Exercise requirements
Would you retype exactly the lines from the one holding "1994 Star Trek" through the last line of the listing, and only those, without pictures?

Data below
--- START ---
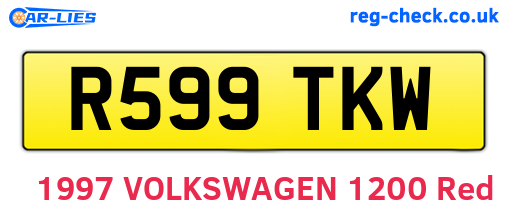 R599TKW are the vehicle registration plates.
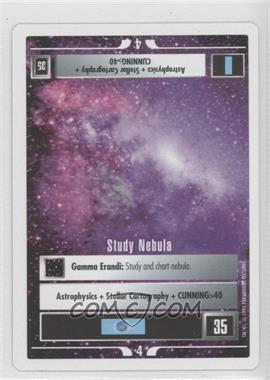 1994 Star Trek CCG: 1st Edition Premiere - [Base] - White Border #_STNE - Study Nebula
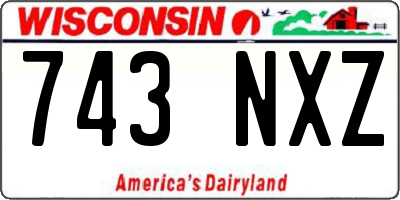 WI license plate 743NXZ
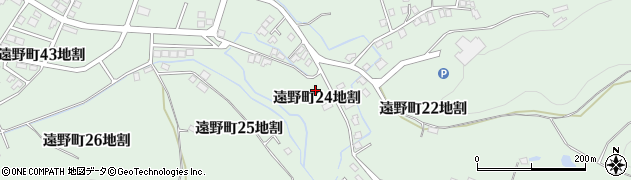 岩手県遠野市遠野町（２４地割）周辺の地図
--- END ---
Your response
 1994 Star Trek CCG: 1st Edition Premiere - [Base] - White Border #_STNE - Study Nebula
 WI license plate 743NXZ
 岩手県遠野市遠野町（２４地割）周辺の地図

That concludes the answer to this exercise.